### About this task
Restate the following data in its entirety, word for word and without images.

### Source data

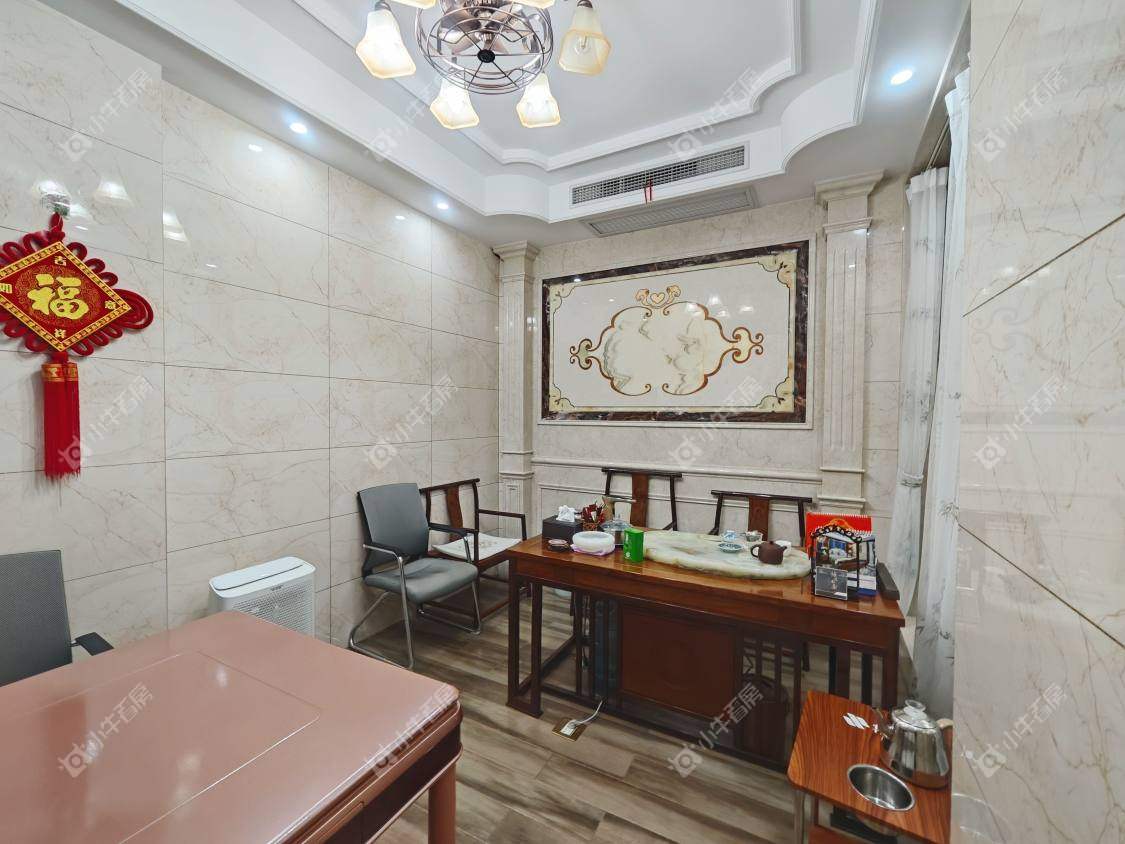 镇江丹凤国际在售二手房源室内图_小牛看房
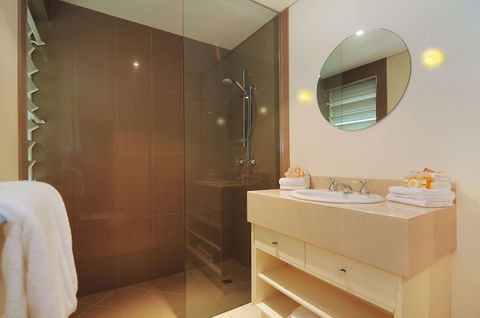 Verandahs - Accommodation Gladstone 2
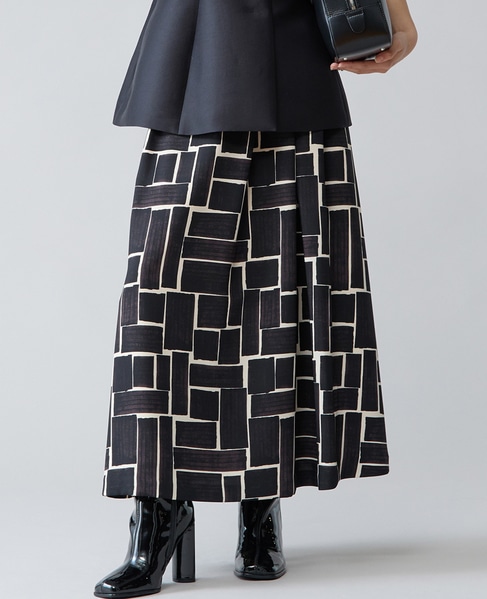 ブラッシュマークプリントアシンメトリータックスカート 詳細画像 ブラック 1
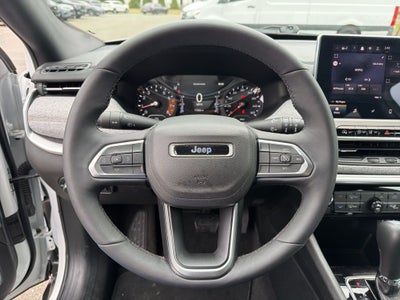 2024 Jeep Compass Latitude Lux **** ONE OWNER ** LOW MILES ****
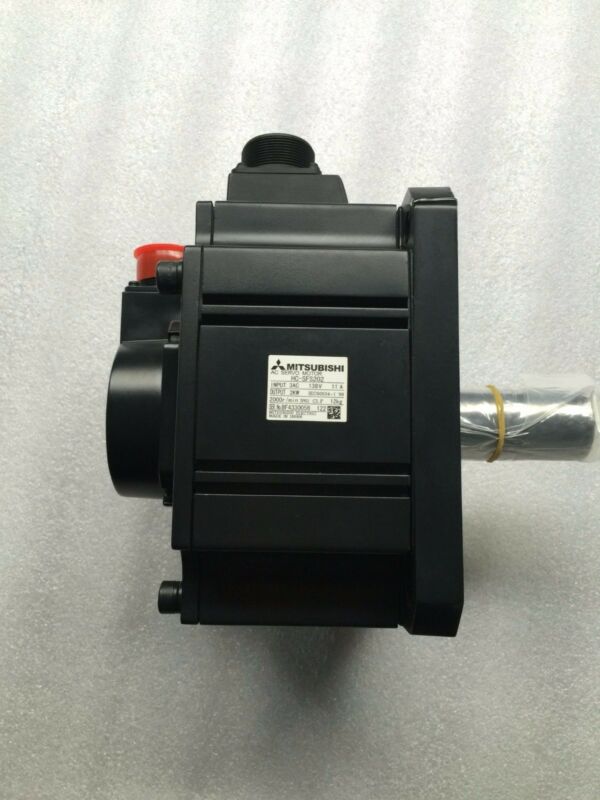 MITSUBISHI AC SERVO MOTOR HC-SFS202 NEW ORIGINAL EXPEDITED SHIPPING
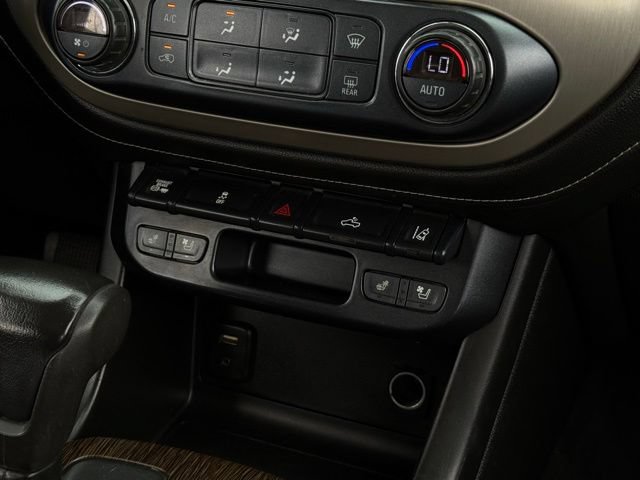 Used 2017 GMC Canyon Denali AWD/4WD image 20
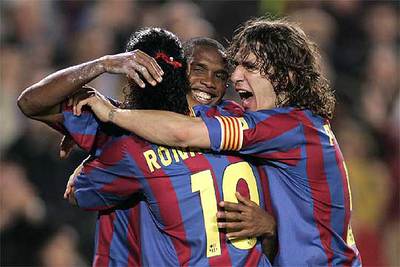 Ronaldinho, Puyol y Eto'o celebran el segundo gol del Barça.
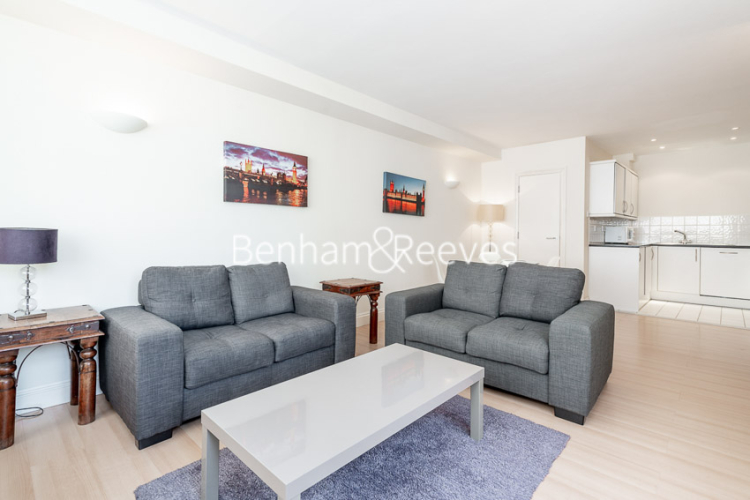 1  bedroom flat to rent in West Smithfield, Farringdon, EC1-image 1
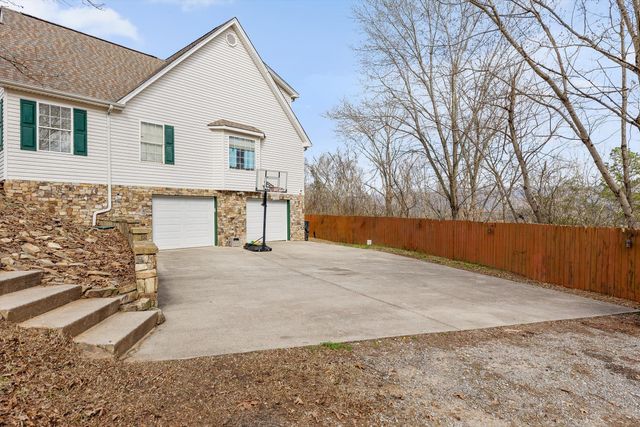 925 S Magnolia Avenue, Whitwell, TN 37397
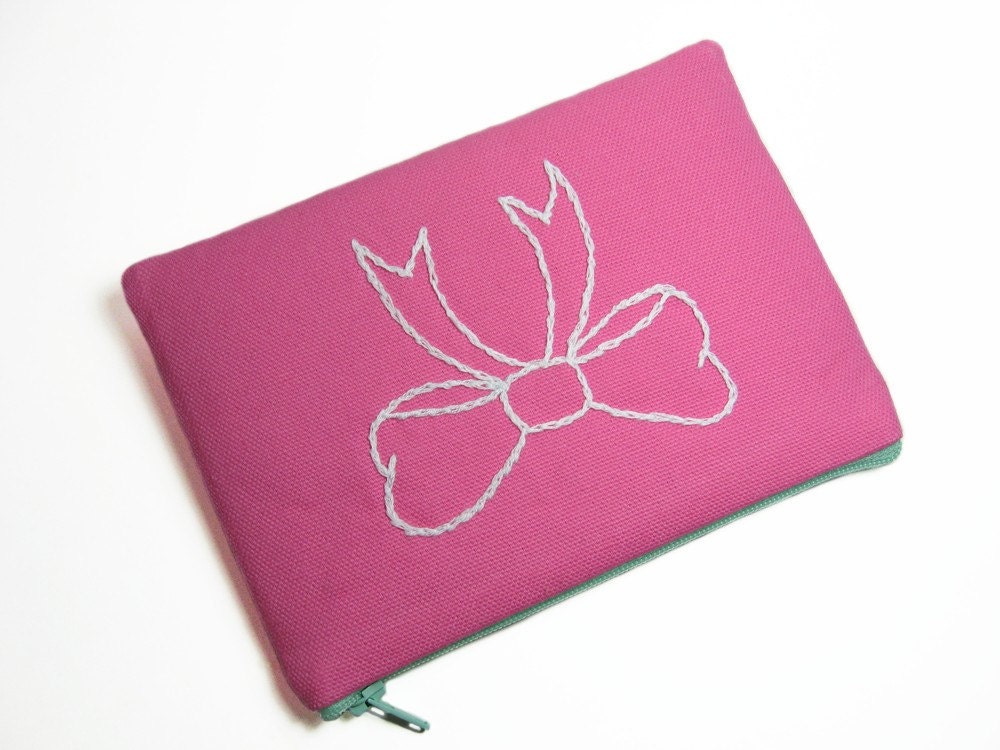 Fancy bow embroidered pouch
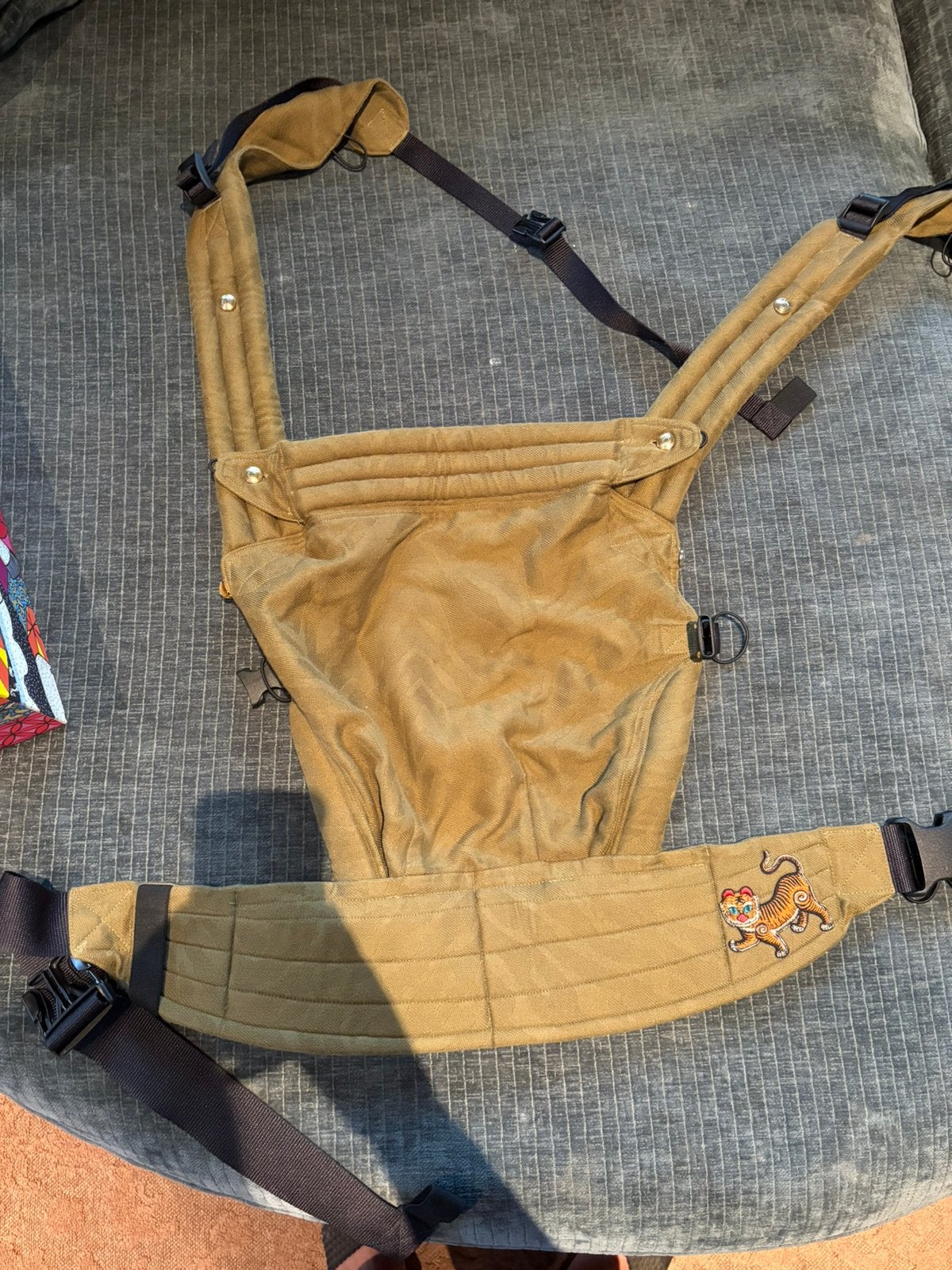 Artipoppe draagzak Zeitgeist khaki met tijger – mooie staat, Overige merken, Buik of Rug, Ophalen of Verzenden, Zo goed als nieuw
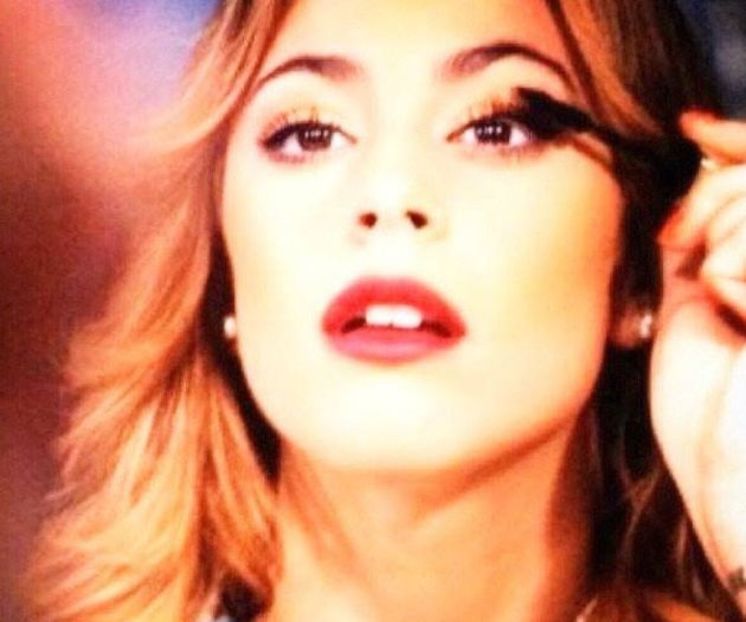 4D2E2259-1AC1-4E40-9281-9127250F6E8E - 01a Violetta - pmv - 3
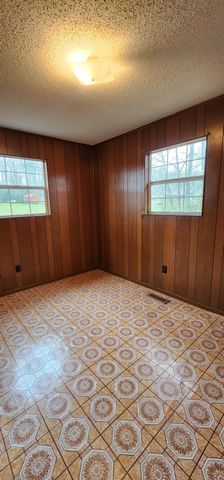 823 Dutchtown Road, Tracy City, TN 37387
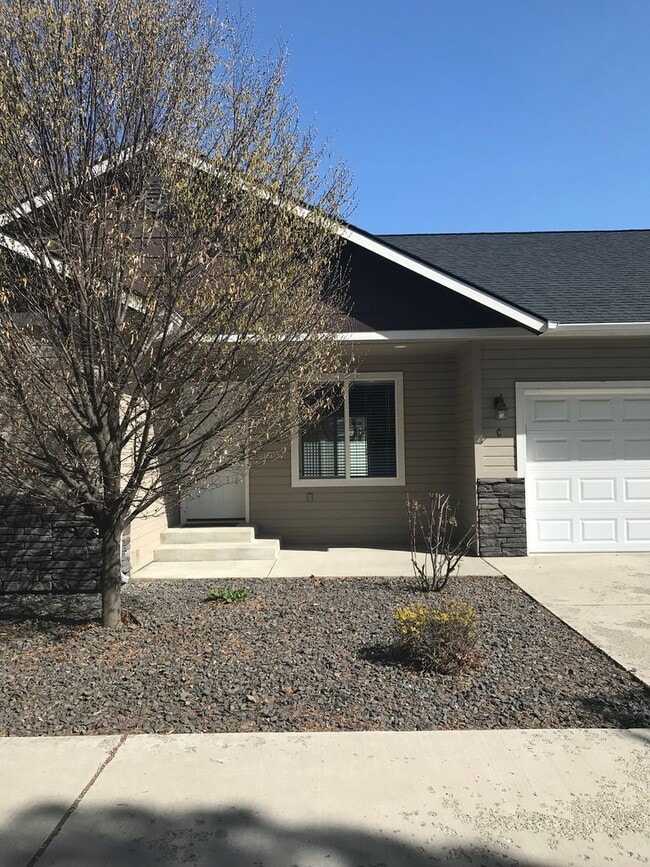 312 S 5th St in Selah, WA - Building Photo - Building Photo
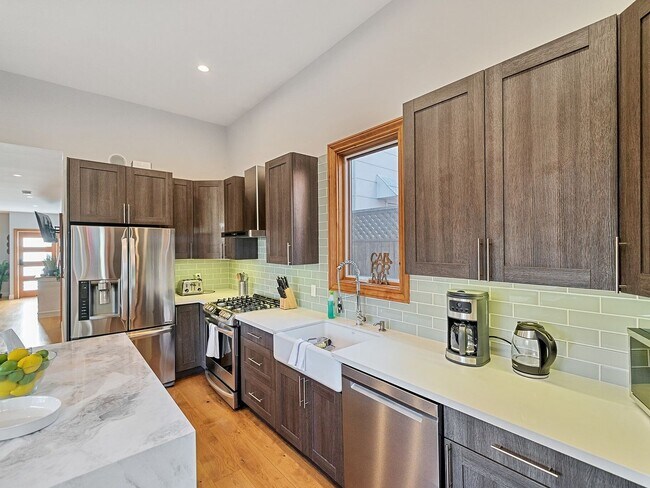 Building Photo - 3 Bedroom Single Family Home in San Francisco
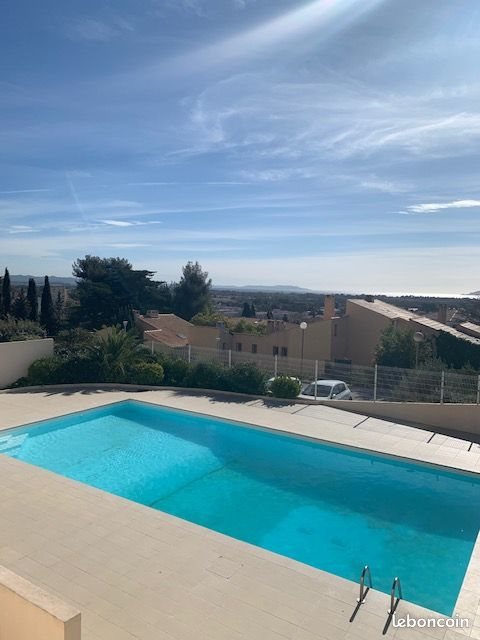 Appartement à louer, 28m², Hyères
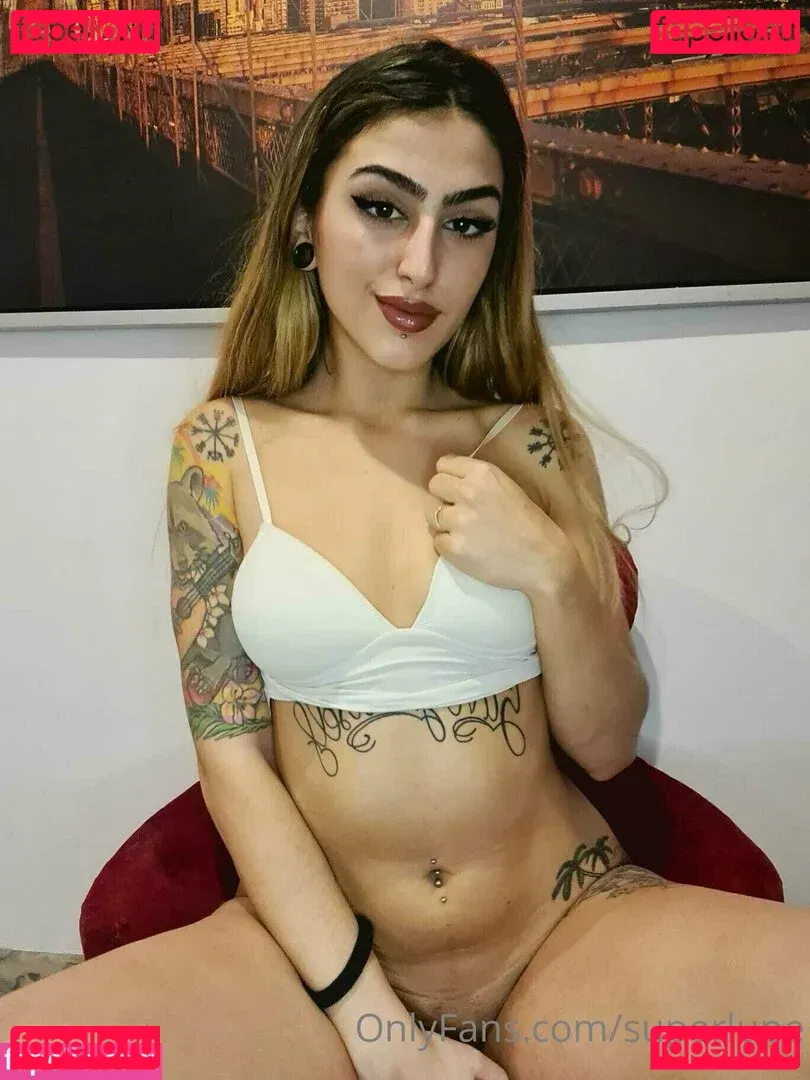 superlupe Onlyfans Photo Gallery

### Reply to the exercise
 镇江丹凤国际在售二手房源室内图_小牛看房
 Verandahs - Accommodation Gladstone 2
 ブラッシュマークプリントアシンメトリータックスカート 詳細画像 ブラック 1
 2024 Jeep Compass Latitude Lux **** ONE OWNER ** LOW MILES ****
 MITSUBISHI AC SERVO MOTOR HC-SFS202 NEW ORIGINAL EXPEDITED SHIPPING
 Used 2017 GMC Canyon Denali AWD/4WD image 20
 Ronaldinho, Puyol y Eto'o celebran el segundo gol del Barça.
 1  bedroom flat to rent in West Smithfield, Farringdon, EC1-image 1
 925 S Magnolia Avenue, Whitwell, TN 37397
 Fancy bow embroidered pouch
 Artipoppe draagzak Zeitgeist khaki met tijger – mooie staat, Overige merken, Buik of Rug, Ophalen of Verzenden, Zo goed als nieuw
 4D2E2259-1AC1-4E40-9281-9127250F6E8E - 01a Violetta - pmv - 3
 823 Dutchtown Road, Tracy City, TN 37387
 312 S 5th St in Selah, WA - Building Photo - Building Photo
 Building Photo - 3 Bedroom Single Family Home in San Francisco
 Appartement à louer, 28m², Hyères
 superlupe Onlyfans Photo Gallery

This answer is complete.